Program Swasembada Bawang Putih Sembalun Terancam Gagal, Diduga Ada Penyimpangan Anggaran Miliaran Rupiah

Rosyidin S
Jumat, September 12, 2025 | 23.44 WIB Last Updated 2025-09-12T15:44:55Z
Nampak sejumlah warga Sembalun sedang melakukan pembersihan bawang putih setelah dipanen dan aka dikeringkan di dekat rumah, (Foto: Rosyidin/MP).

MANDALIKAPOST.com – Program swasembada bawang putih di kawasan Sembalun, kaki Gunung Rinjani, Lombok Timur, yang digadang-gadang sebagai percontohan nasional, kini berada di ujung tanduk.


Pasalnya, sejumlah dugaan penyimpangan, mulai dari bibit rusak hingga penyaluran yang tidak tepat sasaran, mengancam kelangsungan program bernilai miliaran rupiah ini.

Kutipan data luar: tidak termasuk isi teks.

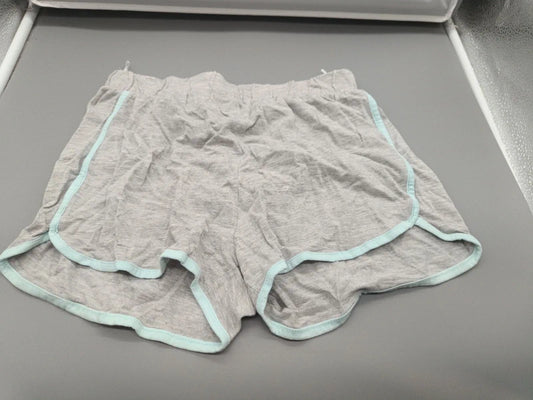 Graue Here + There Sommershorts Größe 176 mit mintfarbenen Kanten, Vorderseite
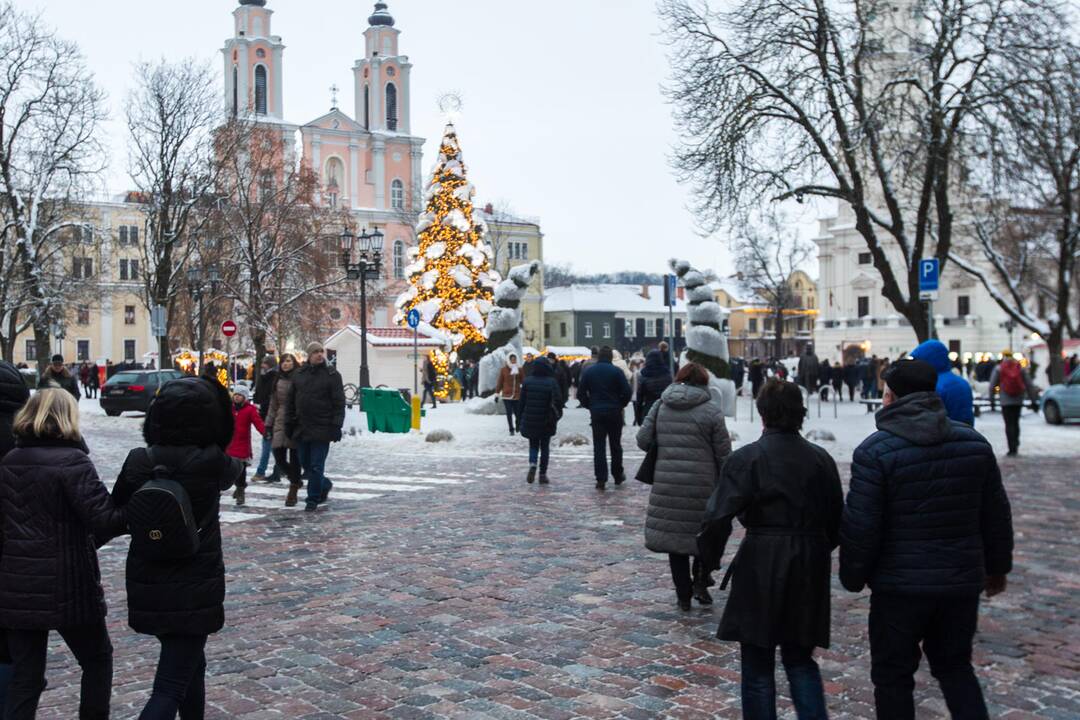 Kalėdos prie pagrindinės Kauno eglės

Hal ini diungkapkan oleh seorang tokoh muda setempat, Royal Sembahulun, yang menilai program tersebut tidak transparan dan merugikan negara.


Dalam sebuah wawancara eksklusif, Royal menyoroti kejanggalan pada program pengembangan kawasan yang didanai pemerintah pusat pada tahun 2024.

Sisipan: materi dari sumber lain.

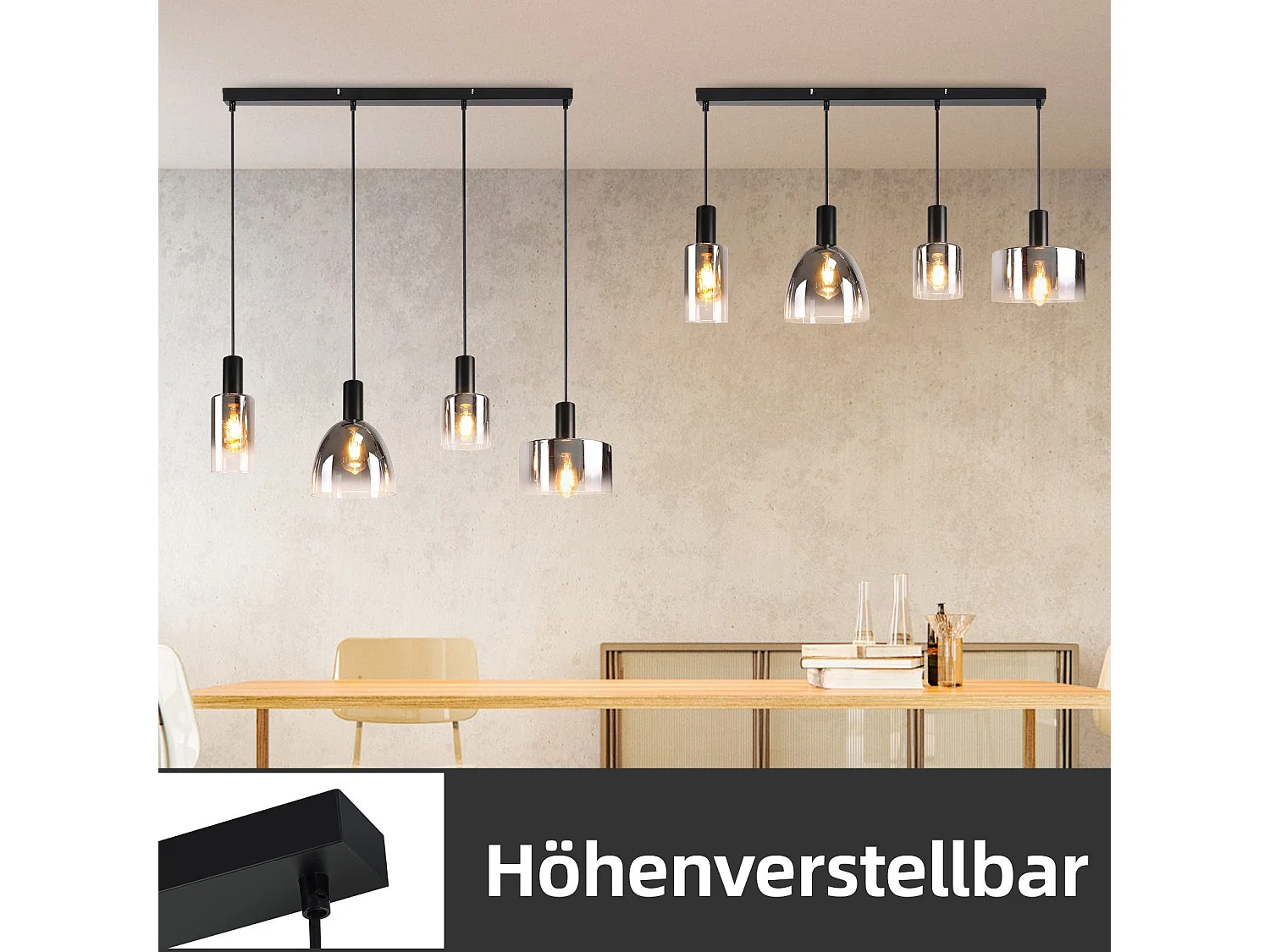 Vintage Eettafel Hanglamp Rookgrijs Glas E27 Hoogte Verstelbaar Voor Woonkamer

"Tahun 2024 itu ada namanya program pengembangan kawasan, luasnya 50 hektar. Satu hektar itu biayanya Rp 155 juta. Jadi kalau kita kalkulasikan, anggarannya itu adalah Rp 7,5 miliar," jelas Royal.


Menurutnya, anggaran fantastis tersebut seharusnya mampu menghasilkan benih berkualitas. Namun, kenyataannya jauh dari harapan. Ia sendiri, sebagai salah satu penerima, mengaku mengalami kerugian akibat bibit yang didistribusikan dalam kondisi buruk.

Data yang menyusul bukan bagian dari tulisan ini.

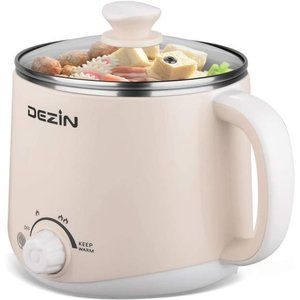 Electric Hot Pot, Stainless Steel Mini Pot with Power Adjustment 1.6L, Beige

"Yang menjadi masalah kemarin itu adalah varietas Lembu Sembalun (Sangga Sembalun). Saya dapat 2 kuintal, itu setengahnya rusak, enggak bisa ditanam," ungkapnya.


Royal menduga kuat adanya permainan dalam pendistribusian benih. Ia memperkirakan, jika 30% dari total 175 ton benih Lembu Sembalun rusak, kerugian negara dari bibit yang tidak layak tanam saja bisa mencapai sekitar Rp 1,9 miliar.


"Ini baru dari satu jenis benih saja. Belum lagi yang menerima benih rusak lainnya. Artinya, negara ini membayar angin," tegasnya.


Selain masalah kualitas, Royal juga menyoroti penyaluran benih yang dinilai tidak tepat sasaran. Ia mencurigai adanya kelompok tani "fiktif" yang sengaja dibentuk untuk mencuci uang proyek.


"Ada kecenderungan kerugian di situ, bisa saja di situ ada pencucian uang," katanya.


Ia juga mempertanyakan peran Balai Pengawasan dan Sertifikasi Benih (BPSB) Mataram. "Kenapa benih-benih rusak bisa lolos?" tanyanya keheranan.


Bantuan Terlambat, Petani Malah Menjual Bibit


Royal menambahkan, keterlambatan pendistribusian bibit membuat banyak petani menjual benih bantuan. Hal ini terjadi karena jadwal tanam sudah terlewat dan petani telah menanam komoditas lain.


"Pemerintah lagi mengeluarkan anggaran sebanyak 45 hektar. Kami keliling di sini ini enggak sampai 20% yang ditanami," jelasnya. 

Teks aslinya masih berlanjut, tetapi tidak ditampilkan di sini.